→ **TO DO**
Work through the listing below and give again exactly the lines from the one with "Vintage Cut Glass Pedestal Bowl" to the one with "GANT Erkek Sarı", both ends included. All other lines and all pictures stay out.

** DATASET EXTRACT follows **

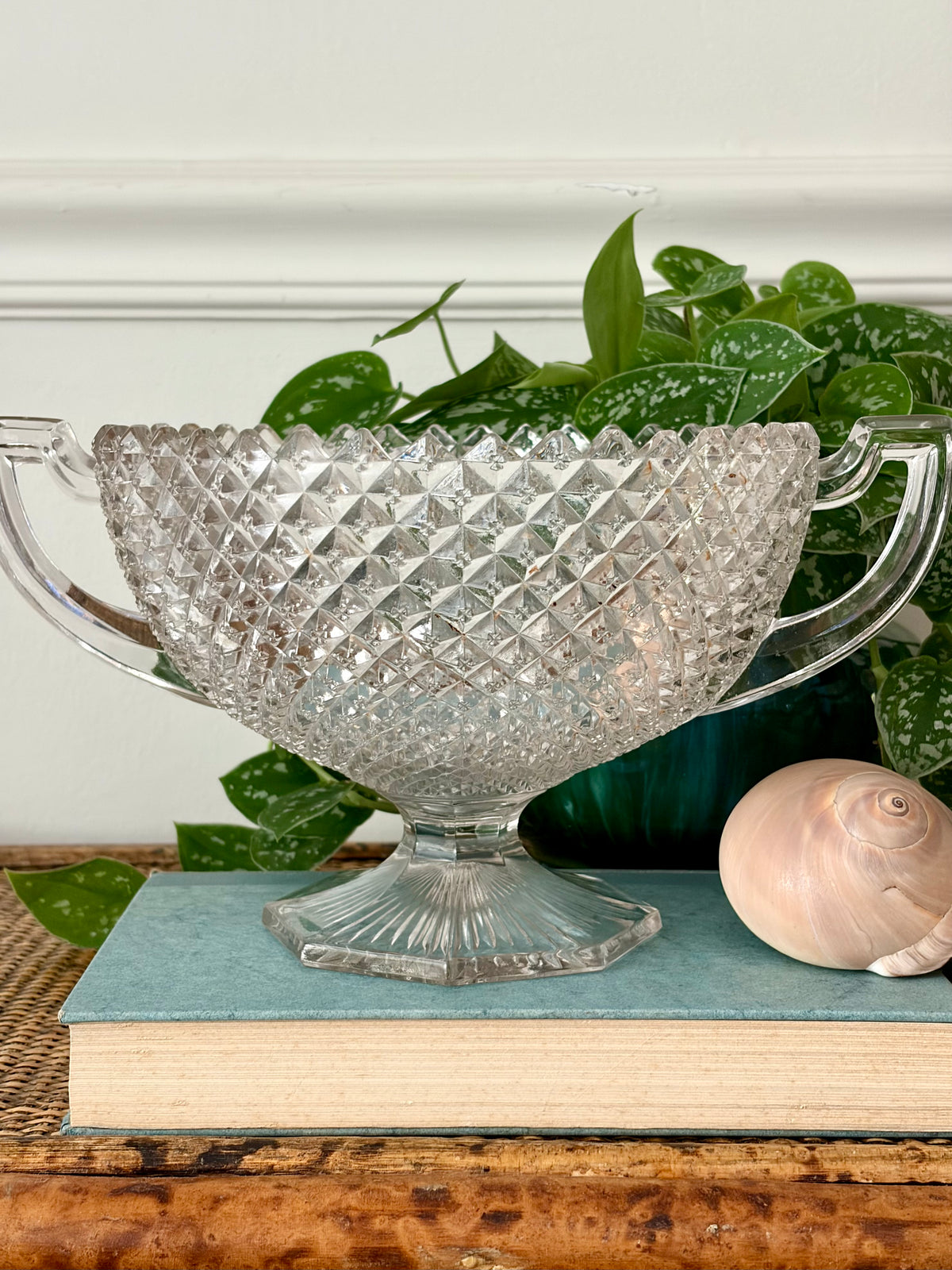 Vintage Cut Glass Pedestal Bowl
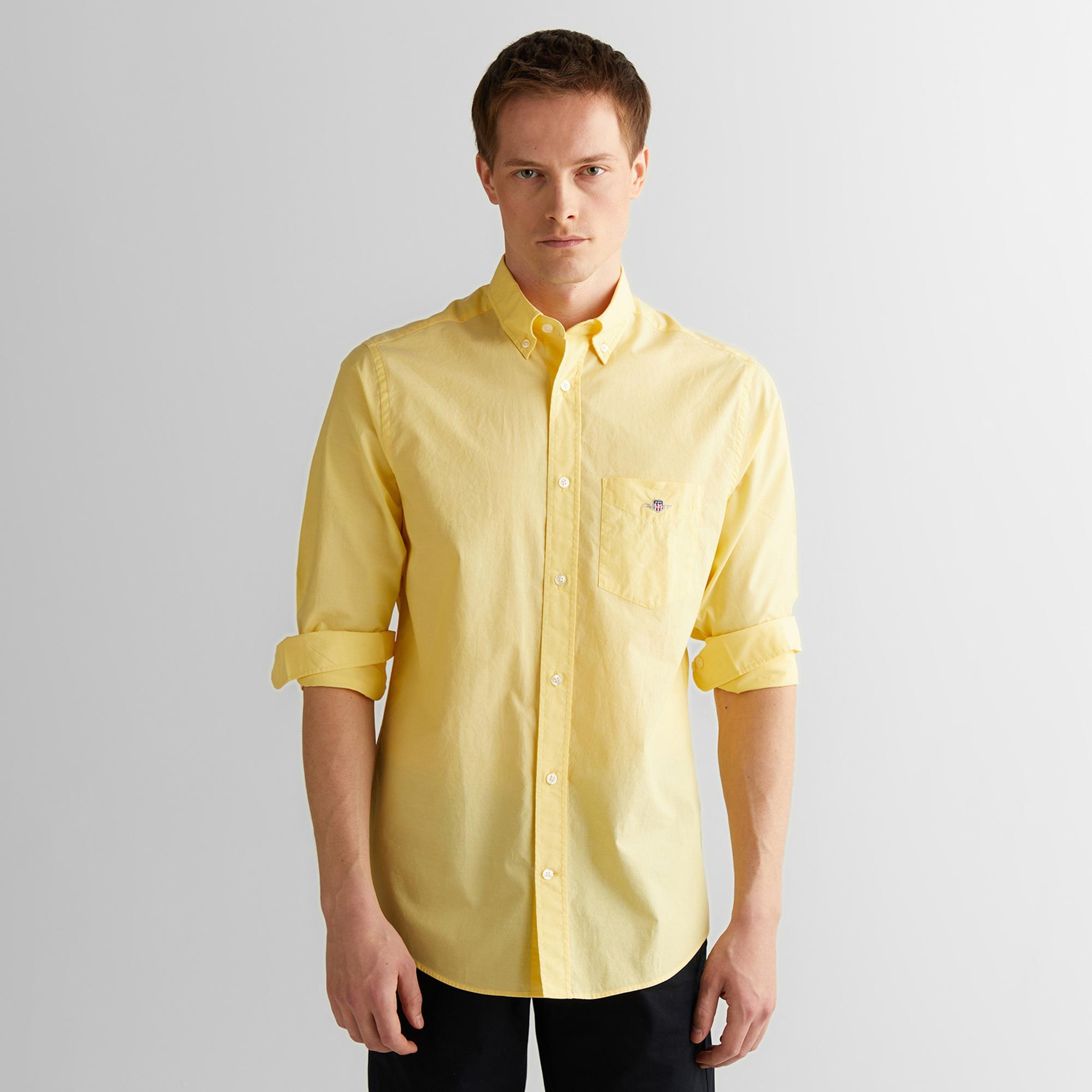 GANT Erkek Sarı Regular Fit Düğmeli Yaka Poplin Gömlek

** End of DATASET EXTRACT **
** DATASET EXTRACT follows **

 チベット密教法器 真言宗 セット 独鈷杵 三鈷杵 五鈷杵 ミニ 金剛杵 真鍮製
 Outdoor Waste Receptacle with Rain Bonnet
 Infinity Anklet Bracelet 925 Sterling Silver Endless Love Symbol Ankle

** End of DATASET EXTRACT **
** DATASET EXTRACT follows **

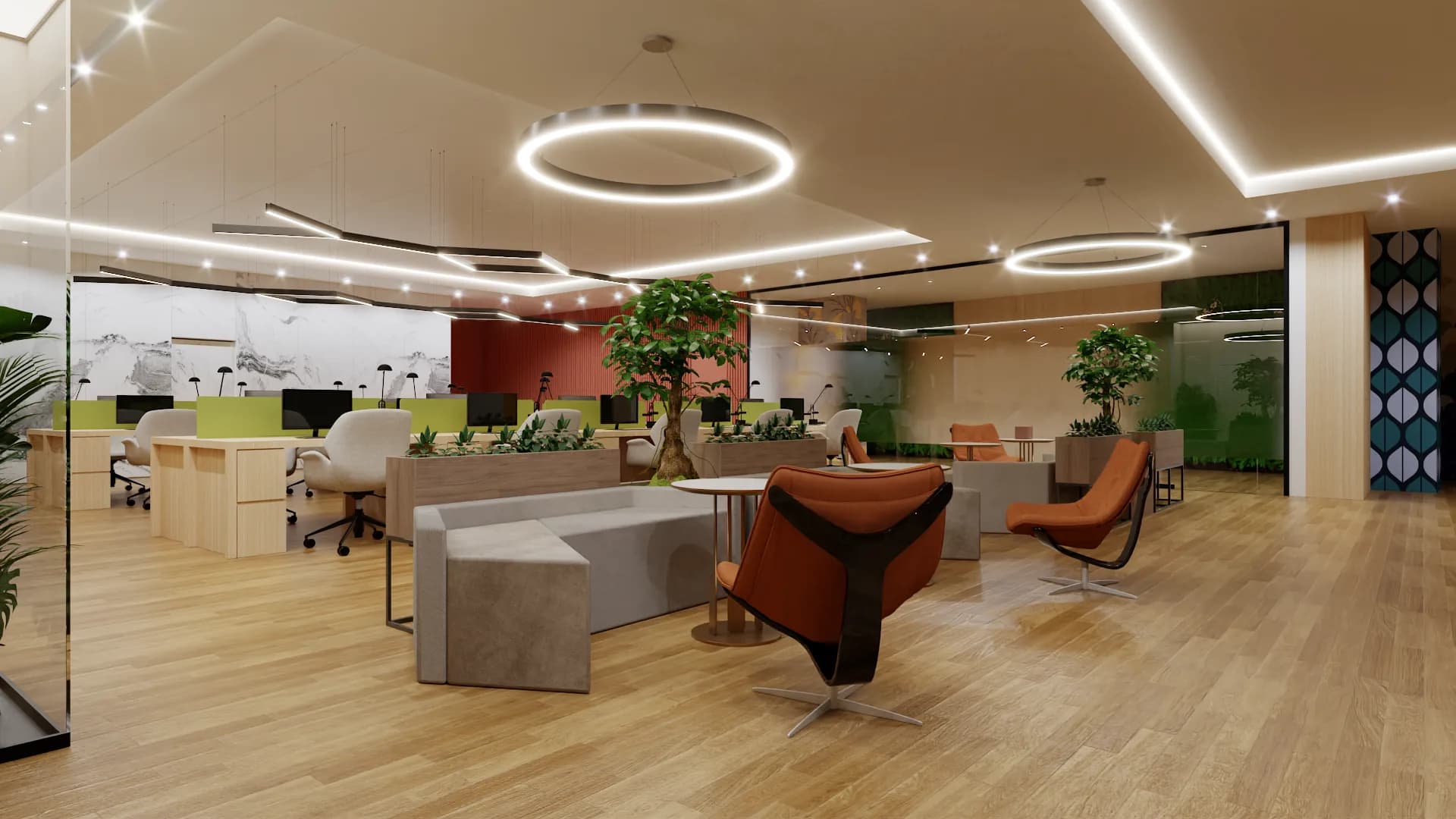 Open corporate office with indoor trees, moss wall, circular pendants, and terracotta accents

** End of DATASET EXTRACT **

→ **SOLUTION TO THIS TASK**
 Vintage Cut Glass Pedestal Bowl
 GANT Erkek Sarı Regular Fit Düğmeli Yaka Poplin Gömlek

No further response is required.